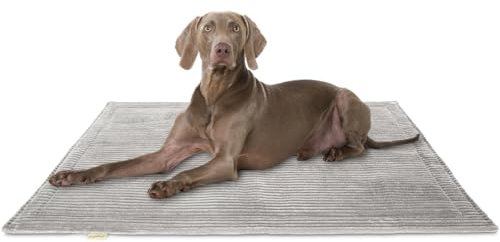Knuffelwuff Hundedecke Timor 120x80cm Hellgrau - Bequeme und Pflegeleichte Liegedecke aus weichem Cord - waschbar - für große, mittelgroße und kleine Hunde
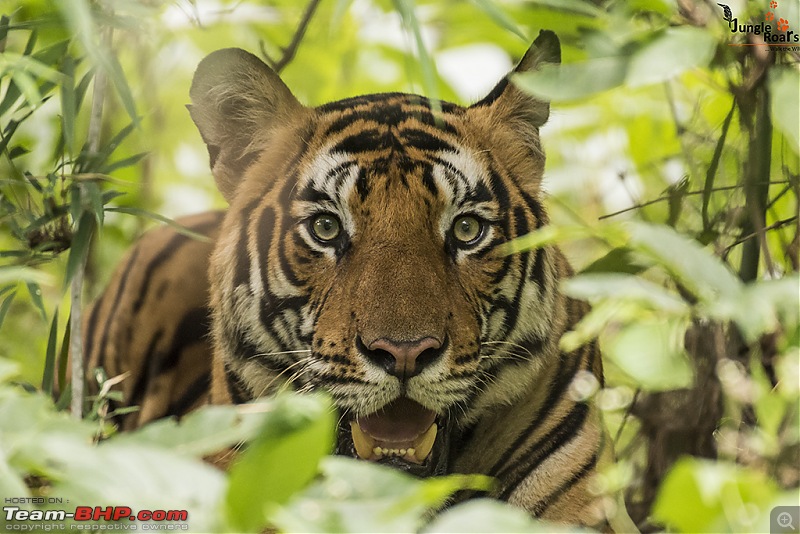 Wandering in the wild : Ahmedabad to Bandhavgarh-_dsc5321.jpg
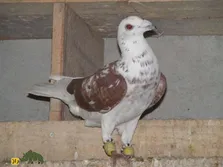 کبوتر کِسپیر بغداد؛ کبوتر معروف خاورمیانه که غبغب دارد و از ترکیه به عراق و سوریه آمد و بسیار محبوب شد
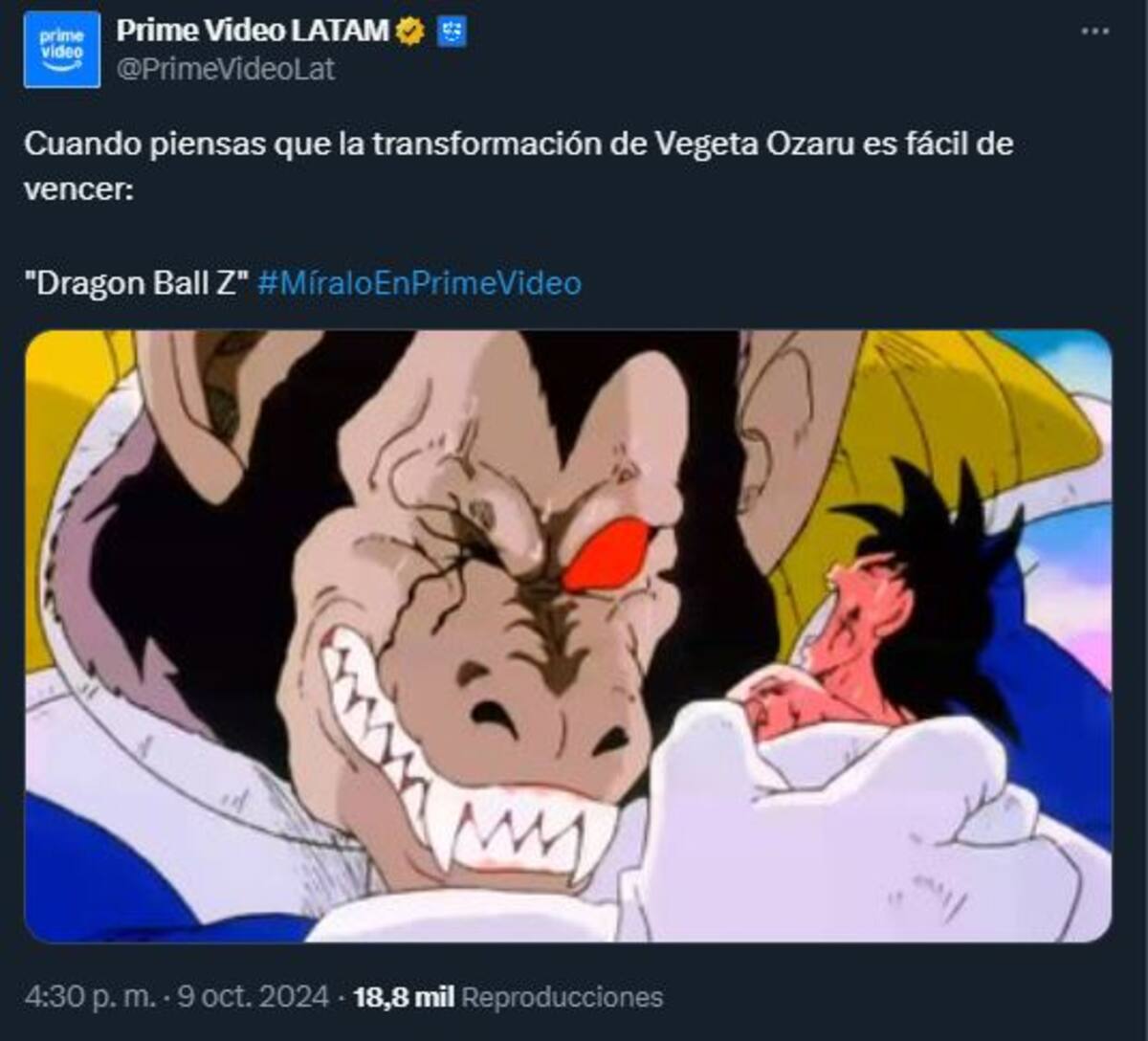874297.jpg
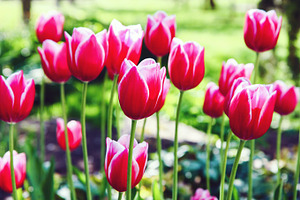 Red tulip flowers, a Nature Photo by BOOCYS
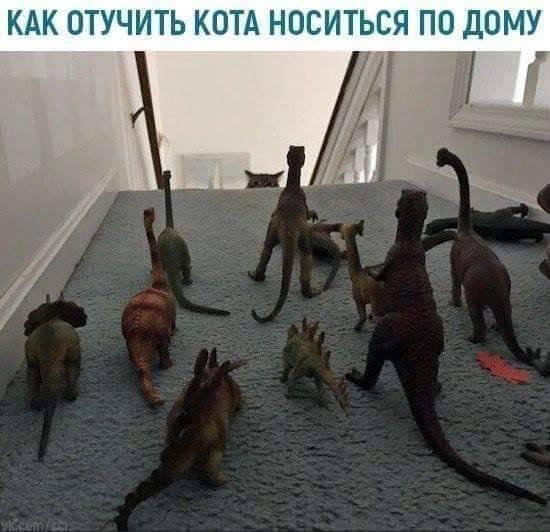 КАК ОТУЧИТЬ КОТА НОСИТЬСЯ ПО ДОМУ т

◆ ◆ ◆

_Task to carry out_.
Extract the run of lines from the line holding "کبوتر کِسپیر بغداد؛" through the final line of the material above, exactly and inclusively. Leave the pictures behind.

_Solution for this task_.
 کبوتر کِسپیر بغداد؛ کبوتر معروف خاورمیانه که غبغب دارد و از ترکیه به عراق و سوریه آمد و بسیار محبوب شد
874297.jpg
 Red tulip flowers, a Nature Photo by BOOCYS
 КАК ОТУЧИТЬ КОТА НОСИТЬСЯ ПО ДОМУ т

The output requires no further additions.